- Assigned task: Print, exactly as they appear in the listing below, the lines from the line with "There are plenty of filters" to the line with "The first recipe", with both end lines kept.

Start of Dataset excerpts

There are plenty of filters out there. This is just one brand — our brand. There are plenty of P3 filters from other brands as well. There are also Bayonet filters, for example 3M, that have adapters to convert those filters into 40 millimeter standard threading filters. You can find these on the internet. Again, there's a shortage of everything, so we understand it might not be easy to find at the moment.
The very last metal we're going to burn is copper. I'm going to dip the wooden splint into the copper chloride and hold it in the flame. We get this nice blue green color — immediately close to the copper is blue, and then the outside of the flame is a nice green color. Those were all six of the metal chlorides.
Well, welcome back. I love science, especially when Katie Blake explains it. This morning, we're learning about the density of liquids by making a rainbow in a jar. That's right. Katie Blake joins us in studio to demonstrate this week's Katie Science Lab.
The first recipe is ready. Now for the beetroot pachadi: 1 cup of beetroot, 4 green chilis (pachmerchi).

End of Dataset excerpts
Start of Dataset excerpts

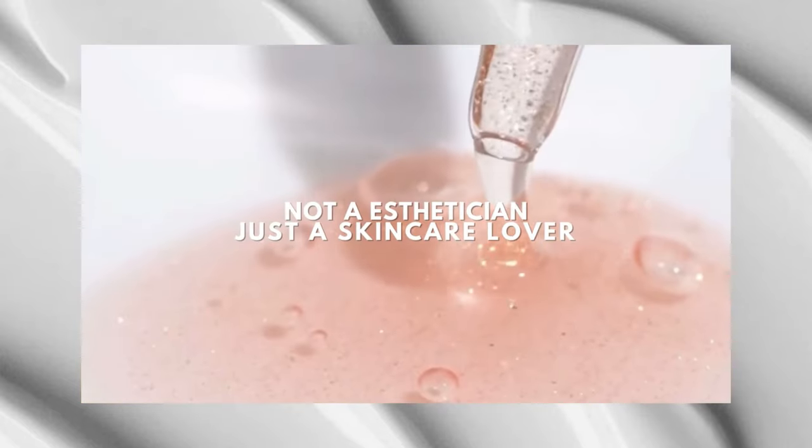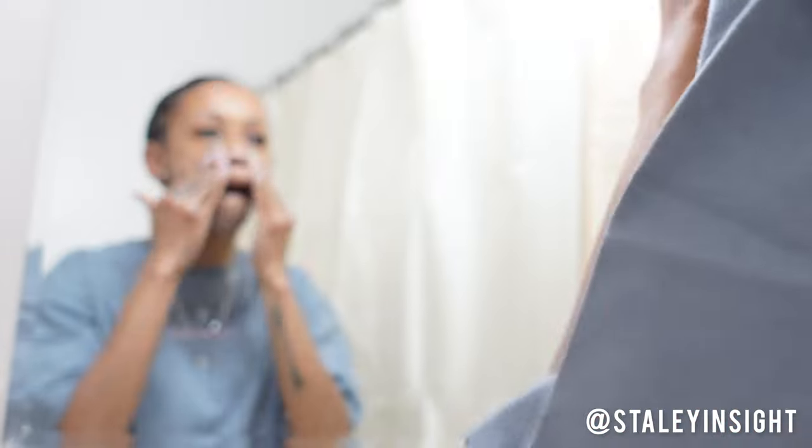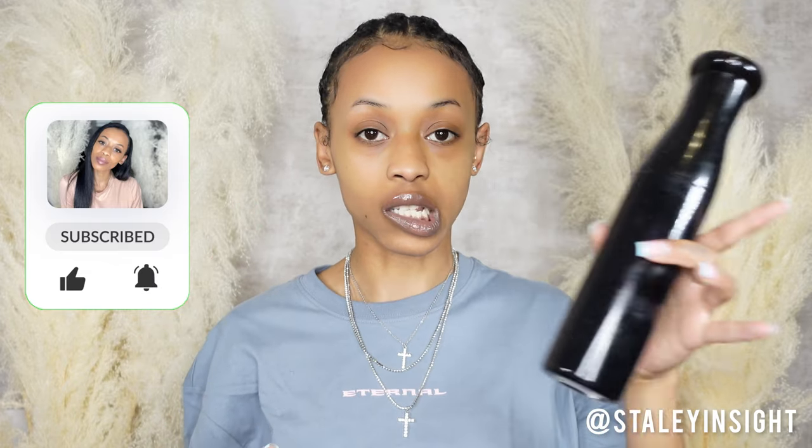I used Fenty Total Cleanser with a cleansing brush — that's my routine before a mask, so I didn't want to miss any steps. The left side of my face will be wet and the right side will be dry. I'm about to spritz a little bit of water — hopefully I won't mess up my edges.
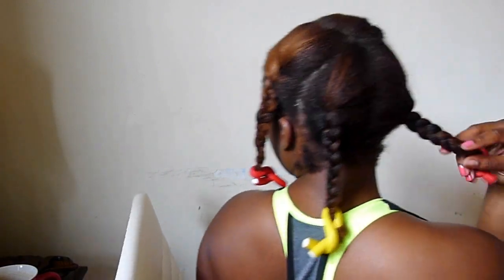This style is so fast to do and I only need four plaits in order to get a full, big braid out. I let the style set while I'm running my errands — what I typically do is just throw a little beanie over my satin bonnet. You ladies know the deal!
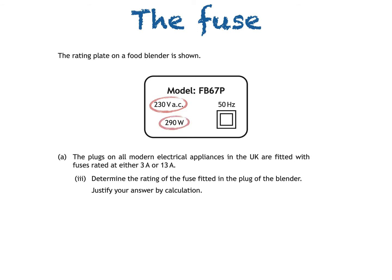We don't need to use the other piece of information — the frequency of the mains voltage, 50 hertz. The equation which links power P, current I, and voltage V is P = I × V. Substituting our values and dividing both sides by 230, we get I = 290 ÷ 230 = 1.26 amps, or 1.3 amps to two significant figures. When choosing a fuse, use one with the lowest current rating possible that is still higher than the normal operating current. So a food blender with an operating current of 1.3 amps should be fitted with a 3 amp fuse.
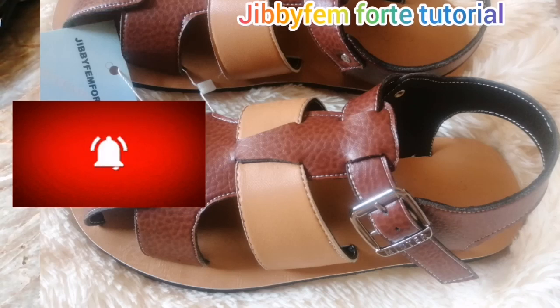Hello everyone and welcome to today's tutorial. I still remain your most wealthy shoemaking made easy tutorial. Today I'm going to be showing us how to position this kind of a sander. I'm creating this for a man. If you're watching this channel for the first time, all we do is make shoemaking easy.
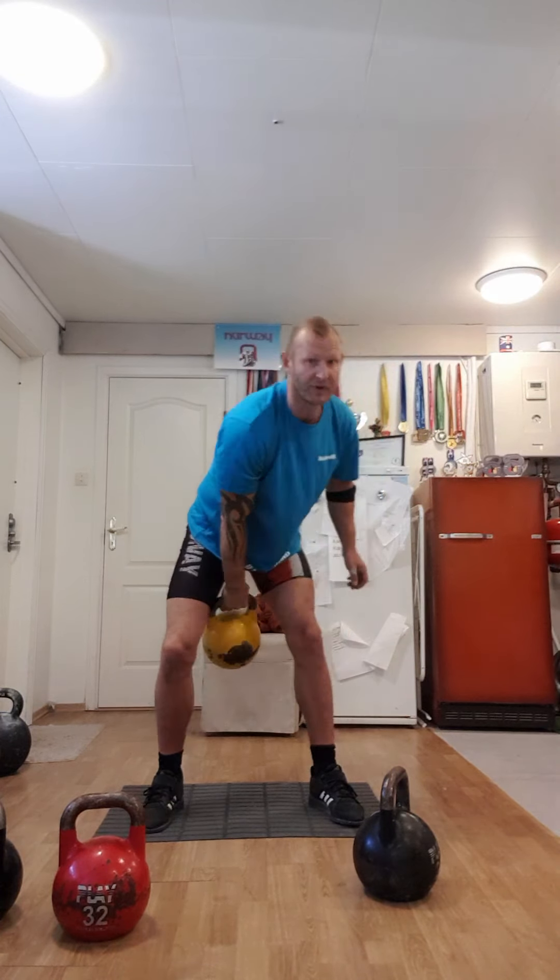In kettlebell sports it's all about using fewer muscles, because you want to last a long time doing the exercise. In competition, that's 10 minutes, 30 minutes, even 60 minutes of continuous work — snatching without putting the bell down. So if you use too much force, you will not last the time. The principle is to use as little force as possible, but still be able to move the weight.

End of Dataset excerpts

- The completed task:
There are plenty of filters out there. This is just one brand — our brand. There are plenty of P3 filters from other brands as well. There are also Bayonet filters, for example 3M, that have adapters to convert those filters into 40 millimeter standard threading filters. You can find these on the internet. Again, there's a shortage of everything, so we understand it might not be easy to find at the moment.
The very last metal we're going to burn is copper. I'm going to dip the wooden splint into the copper chloride and hold it in the flame. We get this nice blue green color — immediately close to the copper is blue, and then the outside of the flame is a nice green color. Those were all six of the metal chlorides.
Well, welcome back. I love science, especially when Katie Blake explains it. This morning, we're learning about the density of liquids by making a rainbow in a jar. That's right. Katie Blake joins us in studio to demonstrate this week's Katie Science Lab.
The first recipe is ready. Now for the beetroot pachadi: 1 cup of beetroot, 4 green chilis (pachmerchi).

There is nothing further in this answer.